• RECORDED INFORMATION:
[Start of Attachment]
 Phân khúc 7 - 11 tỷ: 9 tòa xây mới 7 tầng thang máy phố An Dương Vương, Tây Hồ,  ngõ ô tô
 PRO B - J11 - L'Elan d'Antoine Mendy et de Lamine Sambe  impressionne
[End of Attachment]
[Start of Attachment]
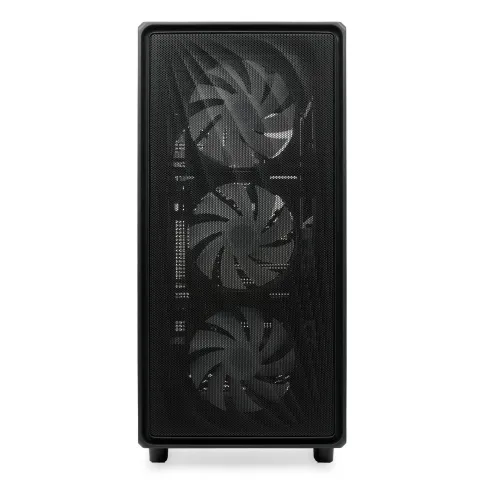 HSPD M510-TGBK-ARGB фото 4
[End of Attachment]
• WORK ITEM: Above are the records; repeat exactly the lines from the one holding "Phân khúc 7" down to the one holding "PRO B - J11", end lines included.

• ANSWER TO THE PROBLEM:
 Phân khúc 7 - 11 tỷ: 9 tòa xây mới 7 tầng thang máy phố An Dương Vương, Tây Hồ,  ngõ ô tô
 PRO B - J11 - L'Elan d'Antoine Mendy et de Lamine Sambe  impressionne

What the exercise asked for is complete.